======== Supplied records ========

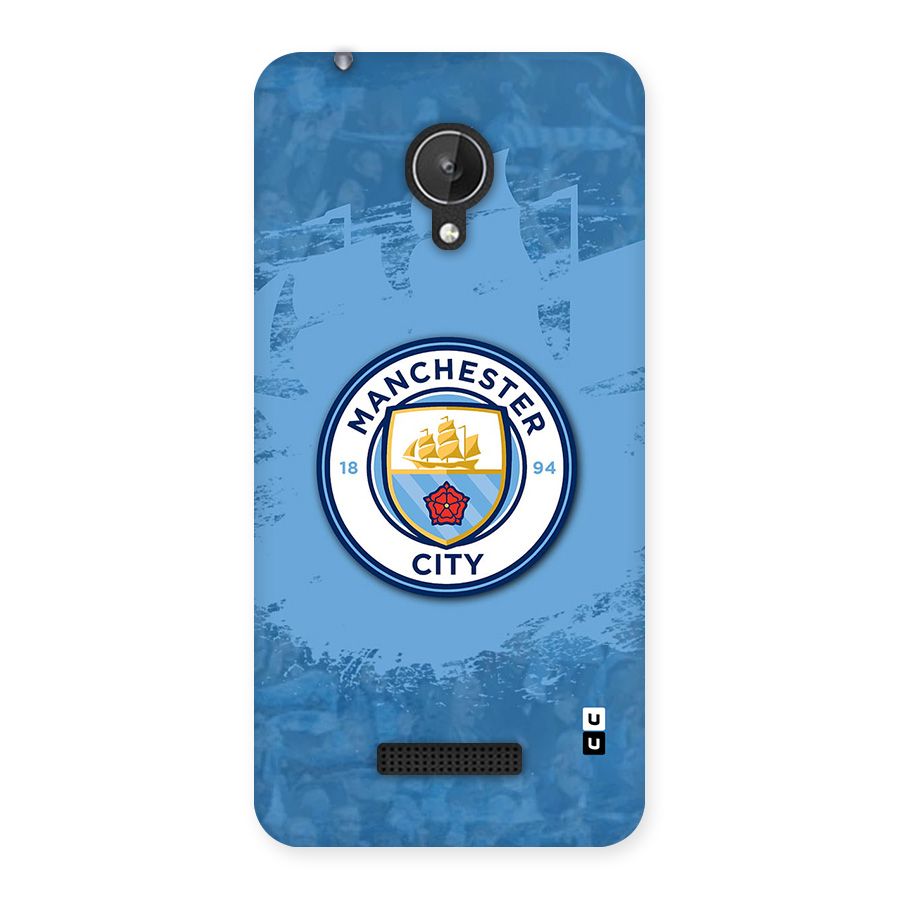 Manchester City Club Back Case for Canvas Spark Q380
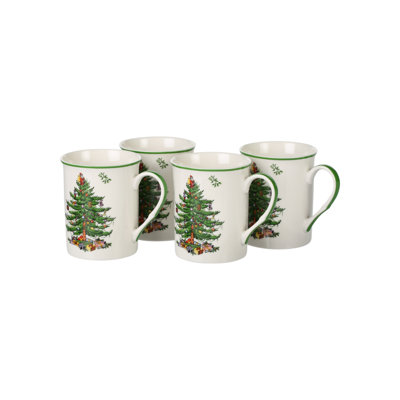 Spode, Christmas Tree - Mugs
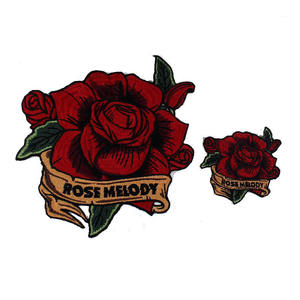 Custom Embroidered Patches Wholesale Sew On Iron On Woven Embroidery Applique Badge Personalized Patch for Hats Bags <b>Jackets</b> Cap - Product Image 1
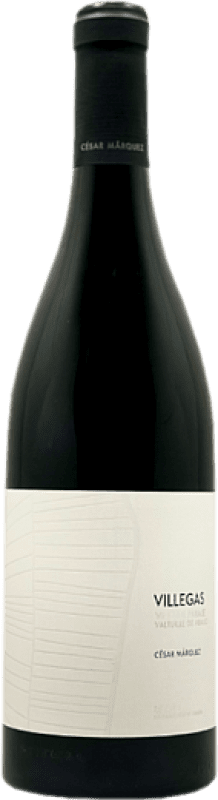 Envoi gratuit | Vin Rouge César Márquez Villegas D.O. Bierzo Castille et Leon Espagne Mencía 75 cl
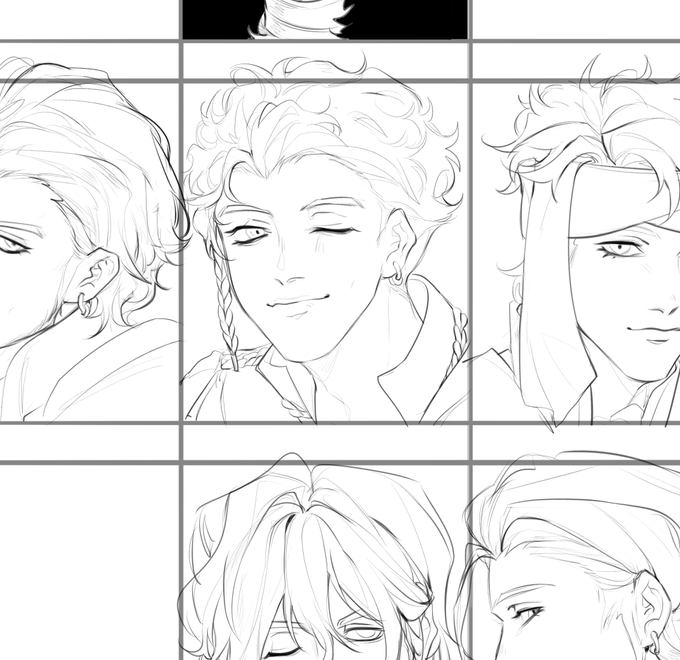 9 claudes ? im so excited to finish this 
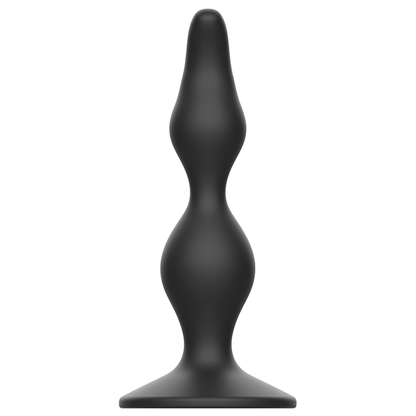 ADDICTED TOYS - PLUG SEXUEL ANAL 12 CM NOIR ADDICTED TOYS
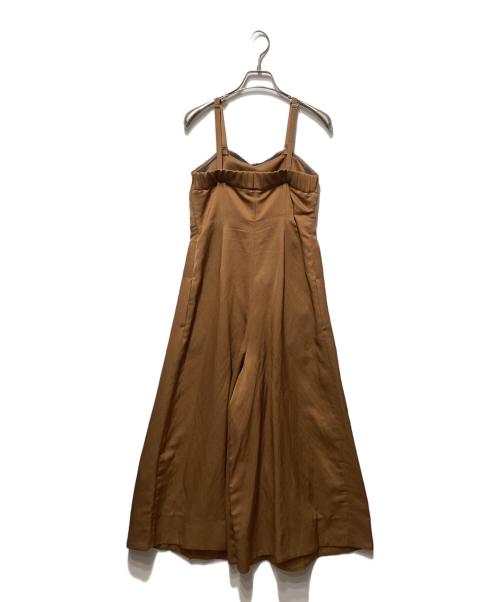 CHAOS（カオス）Chaos (カオス) カルゼオールインワン ブラウン サイズ:38の古着・服飾アイテム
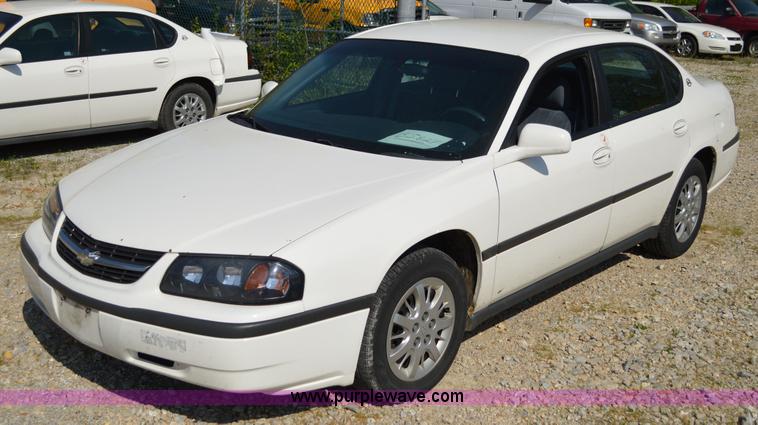 image for item I4586 2005 Chevrolet Impala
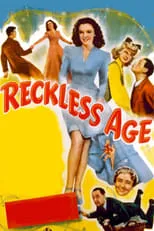 Elspeth Dudgeon interpreta a Miss Ferris en Reckless Age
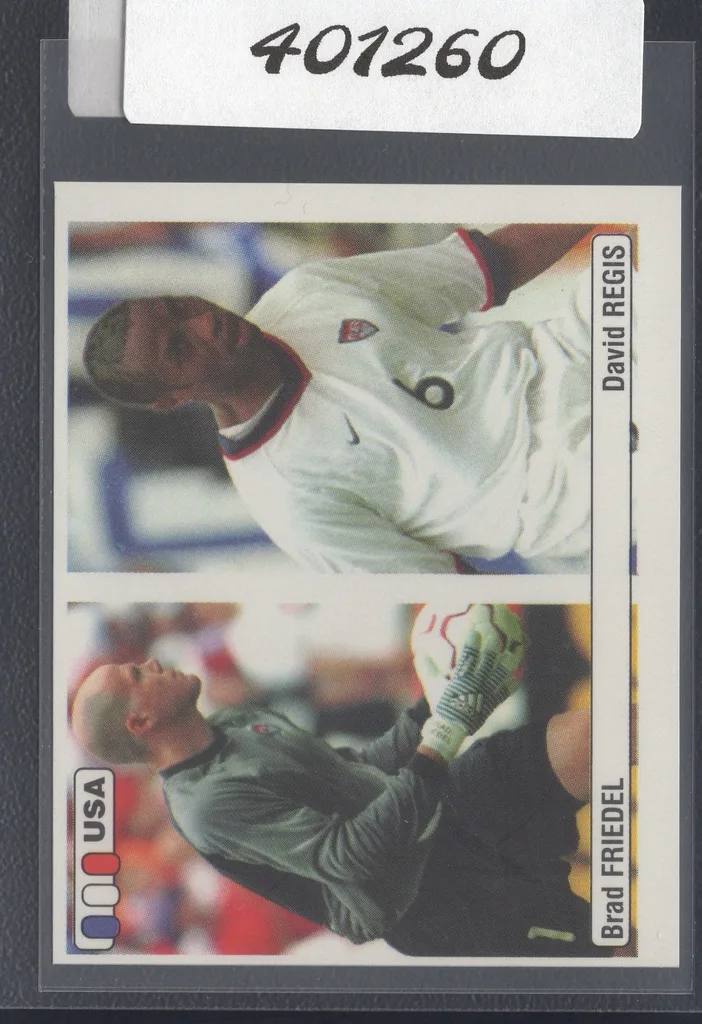 Friedel/Regis — United States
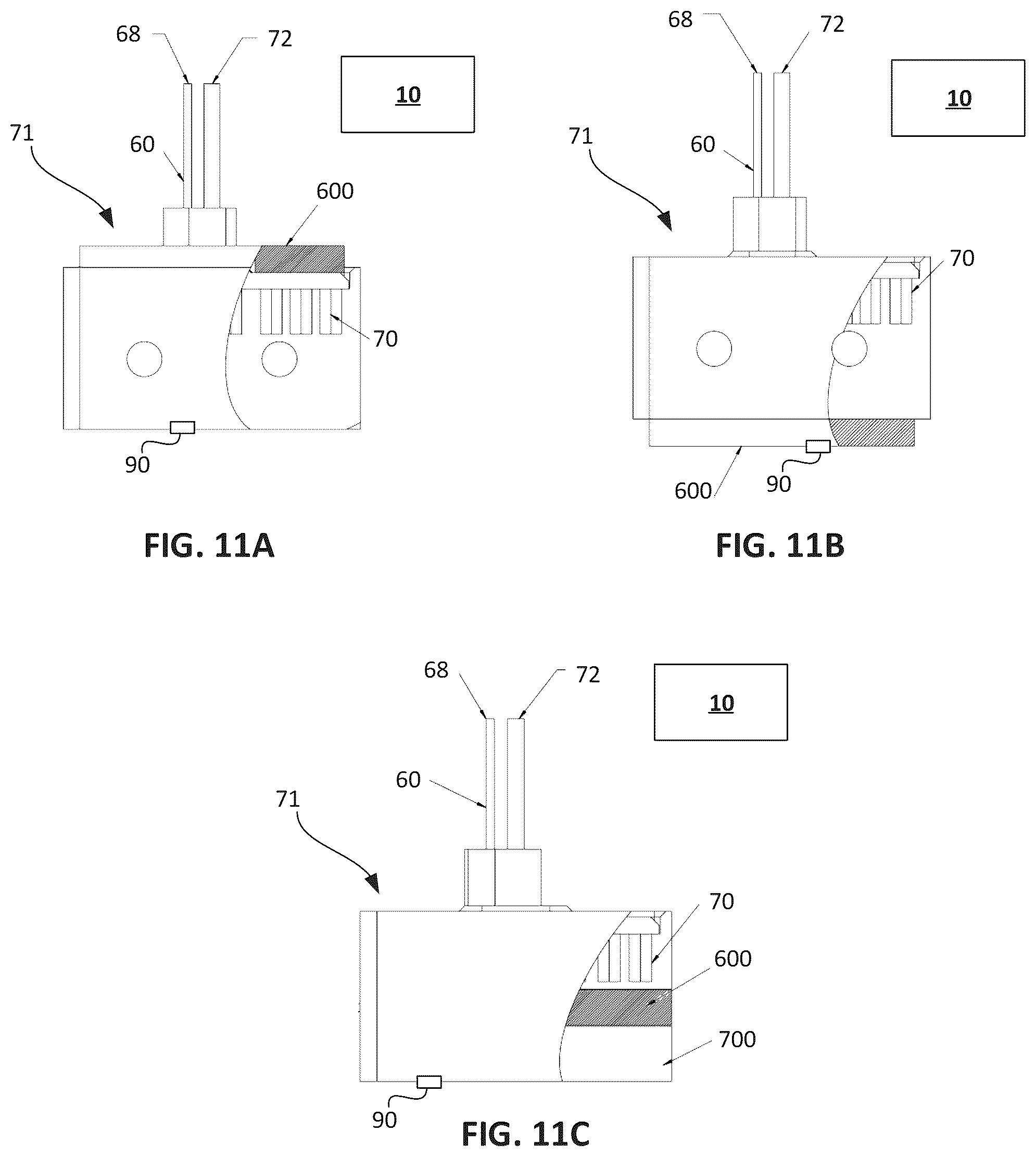 Patent US12098869 Figure 12 – Cooling system with controlled biphase mixing of refrigerant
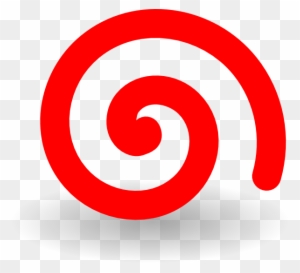 Pretty Inspiration Spiral Clipart Fat Red Clip Art - Logo Red Spiral Circle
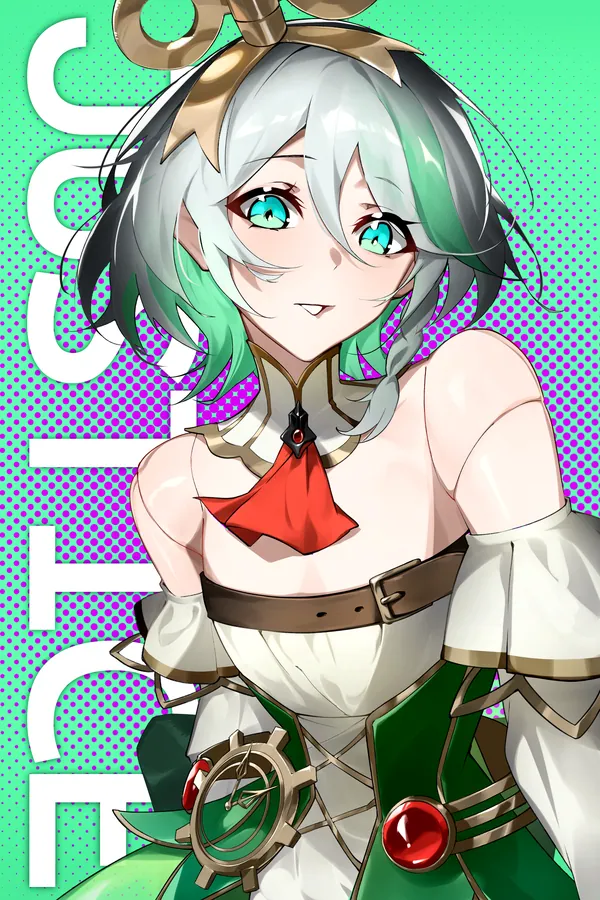 Cecilia Immergreen poster, Hololive English -Justice-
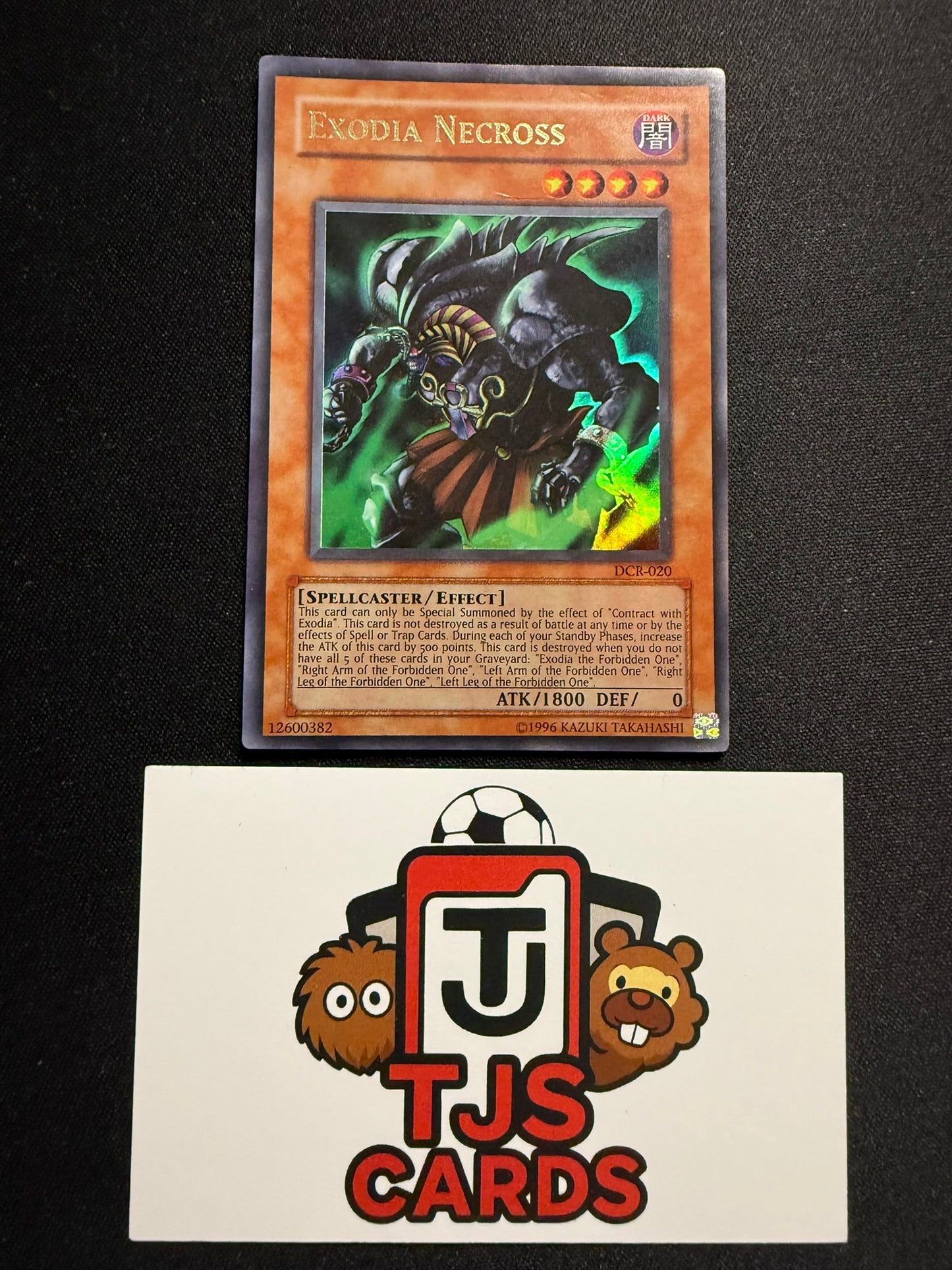 Exodia Necross - Ultra Rare DCR-020 - MP - YuGiOh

========

Copy the listing word for word, excluding its pictures.

• **Solution below**:
 Manchester City Club Back Case for Canvas Spark Q380
 Spode, Christmas Tree - Mugs
 Custom Embroidered Patches Wholesale Sew On Iron On Woven Embroidery Applique Badge Personalized Patch for Hats Bags <b>Jackets</b> Cap - Product Image 1
 Envoi gratuit | Vin Rouge César Márquez Villegas D.O. Bierzo Castille et Leon Espagne Mencía 75 cl
 9 claudes ? im so excited to finish this 
 ADDICTED TOYS - PLUG SEXUEL ANAL 12 CM NOIR ADDICTED TOYS
 CHAOS（カオス）Chaos (カオス) カルゼオールインワン ブラウン サイズ:38の古着・服飾アイテム
 image for item I4586 2005 Chevrolet Impala
 Elspeth Dudgeon interpreta a Miss Ferris en Reckless Age
 Friedel/Regis — United States
 Patent US12098869 Figure 12 – Cooling system with controlled biphase mixing of refrigerant
 Pretty Inspiration Spiral Clipart Fat Red Clip Art - Logo Red Spiral Circle
 Cecilia Immergreen poster, Hololive English -Justice-
 Exodia Necross - Ultra Rare DCR-020 - MP - YuGiOh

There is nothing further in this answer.